That is, until Faith reached out and took hold of my son. "Give him here," she ordered. "It's time for him to meet his new mother."
I looked up into my sister's eyes, instinctively tightening my hold on Xavier, who stirred in his sleep. The little voice chose that moment to scream again, and this time, it was heard. "No," I said, pulling Xavier clear of my sister's grasp.

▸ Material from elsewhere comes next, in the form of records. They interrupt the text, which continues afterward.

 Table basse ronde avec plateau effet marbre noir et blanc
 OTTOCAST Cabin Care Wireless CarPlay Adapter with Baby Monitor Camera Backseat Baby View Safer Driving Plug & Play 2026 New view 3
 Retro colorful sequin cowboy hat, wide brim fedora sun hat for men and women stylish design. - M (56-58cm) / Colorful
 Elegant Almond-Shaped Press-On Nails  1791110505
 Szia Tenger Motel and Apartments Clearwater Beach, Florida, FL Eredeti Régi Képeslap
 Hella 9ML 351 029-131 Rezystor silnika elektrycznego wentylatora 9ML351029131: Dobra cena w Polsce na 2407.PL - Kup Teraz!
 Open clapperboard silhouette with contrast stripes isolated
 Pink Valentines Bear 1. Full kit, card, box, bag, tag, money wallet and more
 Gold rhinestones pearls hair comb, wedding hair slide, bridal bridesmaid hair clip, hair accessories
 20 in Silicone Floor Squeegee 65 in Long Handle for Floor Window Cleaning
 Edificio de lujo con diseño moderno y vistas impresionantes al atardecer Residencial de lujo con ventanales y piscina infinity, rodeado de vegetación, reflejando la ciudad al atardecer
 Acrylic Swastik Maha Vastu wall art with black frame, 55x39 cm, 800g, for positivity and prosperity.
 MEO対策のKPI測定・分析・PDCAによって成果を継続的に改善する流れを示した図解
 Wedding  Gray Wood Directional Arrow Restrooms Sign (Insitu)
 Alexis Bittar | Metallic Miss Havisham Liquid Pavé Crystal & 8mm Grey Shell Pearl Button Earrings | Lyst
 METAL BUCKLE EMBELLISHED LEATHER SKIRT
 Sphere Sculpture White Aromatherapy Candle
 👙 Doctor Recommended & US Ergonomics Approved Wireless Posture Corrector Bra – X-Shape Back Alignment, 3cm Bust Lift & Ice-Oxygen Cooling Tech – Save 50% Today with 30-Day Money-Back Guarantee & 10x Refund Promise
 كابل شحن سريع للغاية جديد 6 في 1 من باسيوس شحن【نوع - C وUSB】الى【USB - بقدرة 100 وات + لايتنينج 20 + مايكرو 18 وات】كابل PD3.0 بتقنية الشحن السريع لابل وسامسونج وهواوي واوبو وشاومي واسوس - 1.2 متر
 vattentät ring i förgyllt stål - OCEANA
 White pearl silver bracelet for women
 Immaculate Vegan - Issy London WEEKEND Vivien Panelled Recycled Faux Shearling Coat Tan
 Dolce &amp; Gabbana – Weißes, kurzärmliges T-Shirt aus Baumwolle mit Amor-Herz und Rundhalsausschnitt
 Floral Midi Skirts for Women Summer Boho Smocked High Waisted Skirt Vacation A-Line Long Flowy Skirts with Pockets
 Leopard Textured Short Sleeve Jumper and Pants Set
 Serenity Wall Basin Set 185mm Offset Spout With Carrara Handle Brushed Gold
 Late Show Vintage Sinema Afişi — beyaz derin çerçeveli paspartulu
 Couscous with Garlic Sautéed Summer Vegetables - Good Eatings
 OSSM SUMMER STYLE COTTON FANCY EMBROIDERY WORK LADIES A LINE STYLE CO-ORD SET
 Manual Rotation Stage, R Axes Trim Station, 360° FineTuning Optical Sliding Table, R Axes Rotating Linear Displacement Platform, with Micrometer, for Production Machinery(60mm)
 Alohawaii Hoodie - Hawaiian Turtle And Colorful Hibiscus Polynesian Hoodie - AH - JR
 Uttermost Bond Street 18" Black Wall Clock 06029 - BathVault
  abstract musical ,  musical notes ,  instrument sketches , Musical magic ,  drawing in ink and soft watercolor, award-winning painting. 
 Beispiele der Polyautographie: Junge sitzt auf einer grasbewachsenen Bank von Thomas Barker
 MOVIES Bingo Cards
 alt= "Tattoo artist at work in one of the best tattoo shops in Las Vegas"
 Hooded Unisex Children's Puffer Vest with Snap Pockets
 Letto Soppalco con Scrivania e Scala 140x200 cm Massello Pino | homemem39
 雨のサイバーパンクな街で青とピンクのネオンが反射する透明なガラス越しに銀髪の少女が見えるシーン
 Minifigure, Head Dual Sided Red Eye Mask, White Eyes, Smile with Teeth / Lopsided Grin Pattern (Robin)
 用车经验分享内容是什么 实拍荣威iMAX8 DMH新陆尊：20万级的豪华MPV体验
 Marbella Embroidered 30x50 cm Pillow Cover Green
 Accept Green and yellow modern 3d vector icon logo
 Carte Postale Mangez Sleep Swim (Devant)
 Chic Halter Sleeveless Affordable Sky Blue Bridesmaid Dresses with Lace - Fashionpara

Faith's eyes narrowed. "What did you say?" she demanded.
"No," I said, louder and more forcefully.
"You don't say no to me," Faith warned. "Give me the child, now!"
Years of oppression and abuse finally took their toll, and I screamed. Not out loud, but inside my mind, breaking the shackles Faith had placed on me, and sending a shockwave through the entire packhouse. Faith clutched her ears, fighting to stay on her feet, but I redoubled my etheric scream, and she staggered, eyes wide. "Stop it!" she yelled. "For God's sake, stop it!"
Like a miracle, the door crashed open at that moment, and Faith whirled, eyes going wide as Arrow charged, slamming her against the wall and holding her at hornpoint. Faith looked ready to be sick, but she could do nothing as Jethro came running to my side. "Praise be, you're safe," he said, eyes brimming with tears as he kissed my forehead. "You can let go now; we've got the place secured."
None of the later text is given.